> _Task objective_: Reproduce the lines of the material exactly, excluding every image.

> _Given records_:
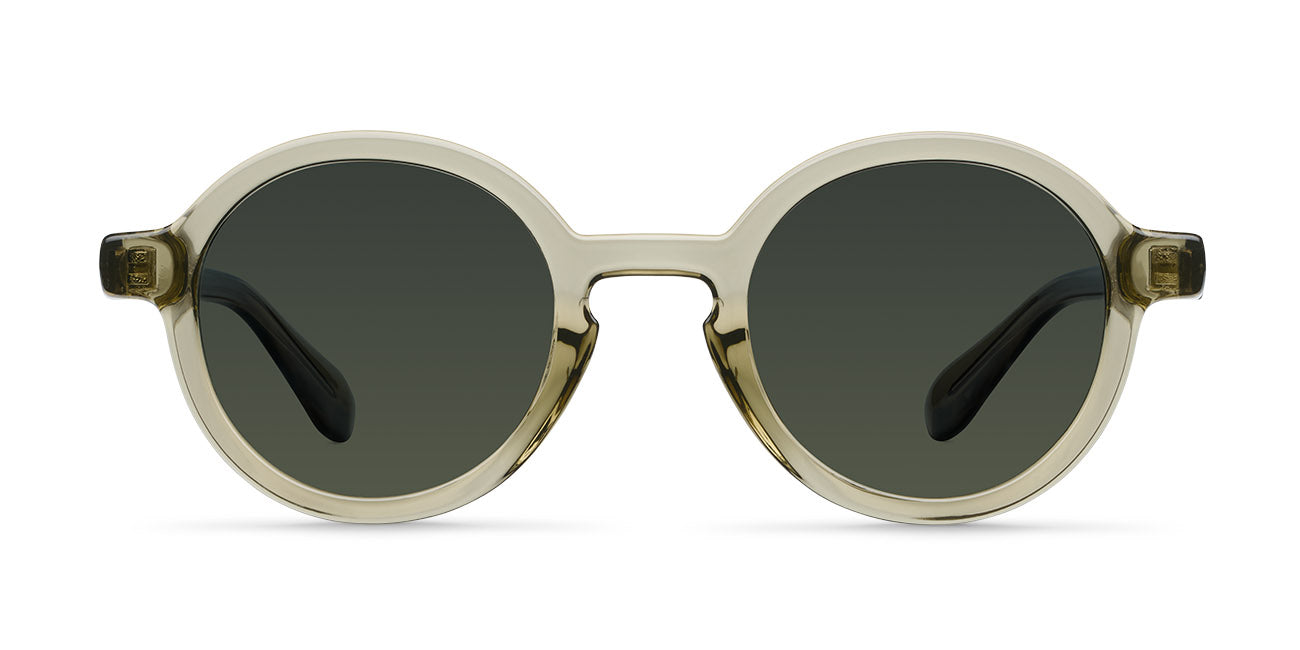Lentes de Sol - Ombo Sand Olive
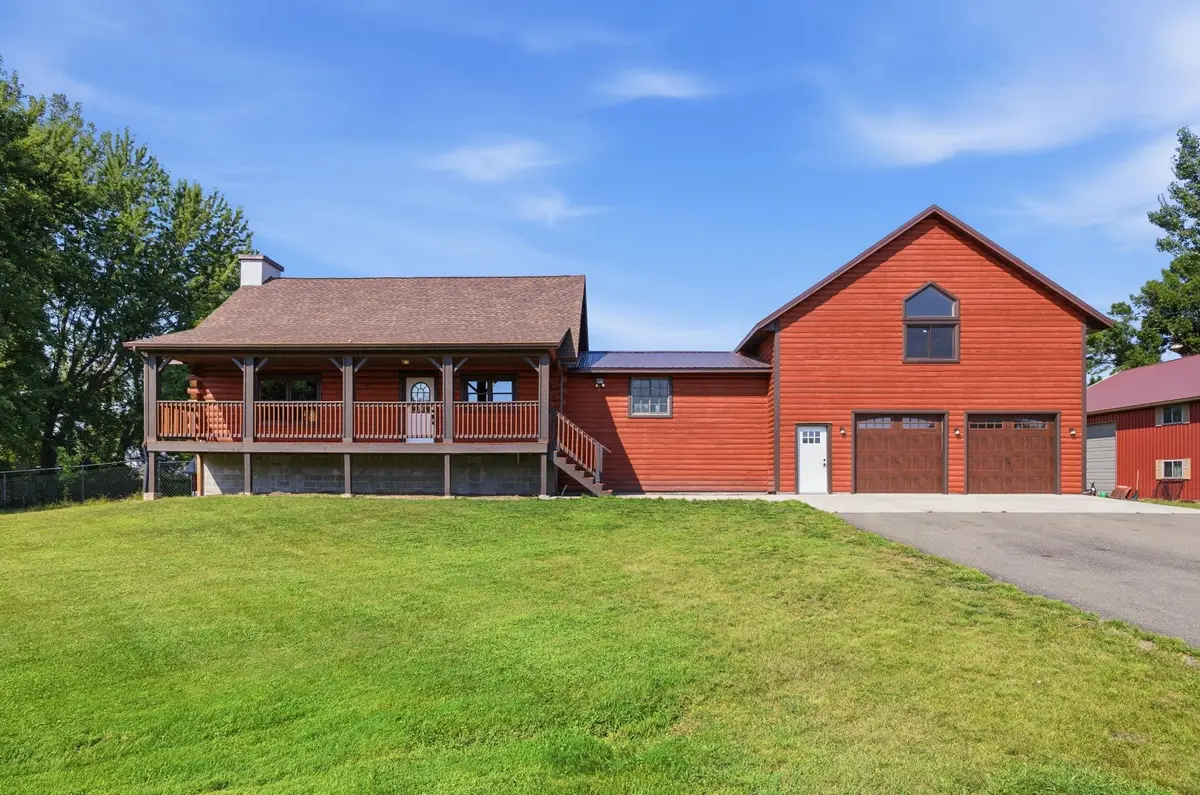 6444 6th Avenue, New Auburn, MN 55366 - #1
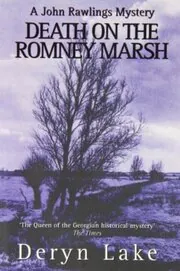 Death on the Romney Marsh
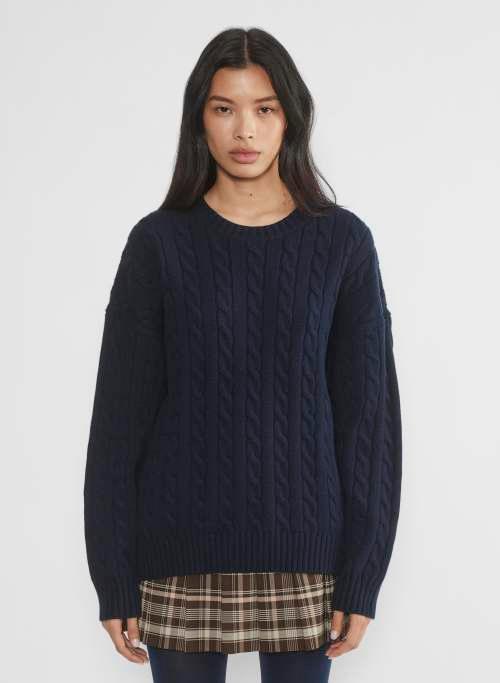 peggy sweater Product Image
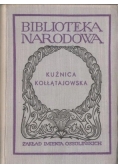 Kuźnica Kołłątajowska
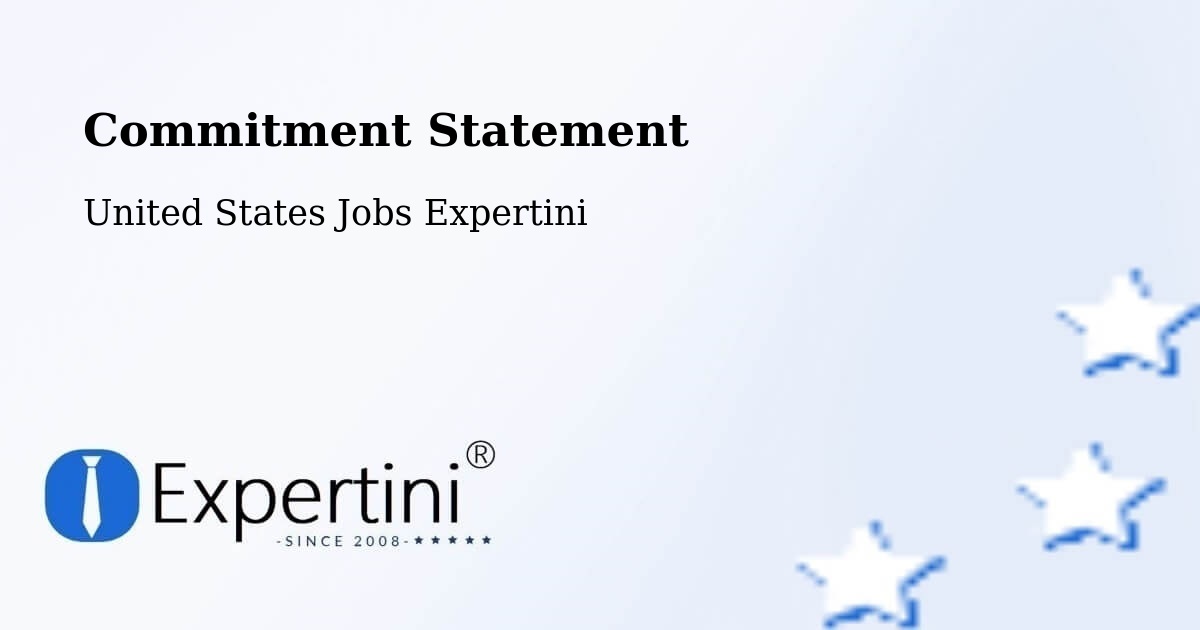 Corporate Commitment – San Angelo - United States Jobs Expertini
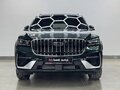 2026 Geely Monjaro I Рестайлинг 2 (China Market), зелёный, 4090000 рублей - вид 1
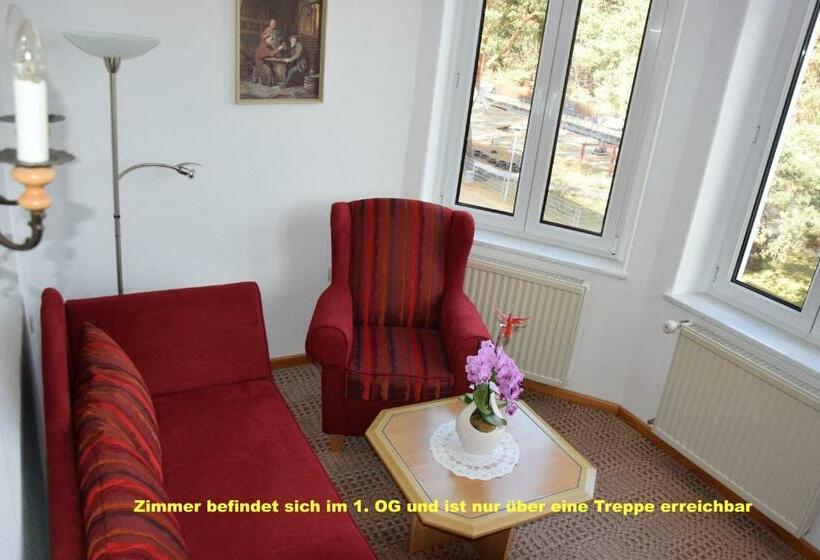 Отель Nordlicht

> _Worked solution_:
Lentes de Sol - Ombo Sand Olive
 6444 6th Avenue, New Auburn, MN 55366 - #1
 Death on the Romney Marsh
 peggy sweater Product Image
 Kuźnica Kołłątajowska
 Corporate Commitment – San Angelo - United States Jobs Expertini
 2026 Geely Monjaro I Рестайлинг 2 (China Market), зелёный, 4090000 рублей - вид 1
 Отель Nordlicht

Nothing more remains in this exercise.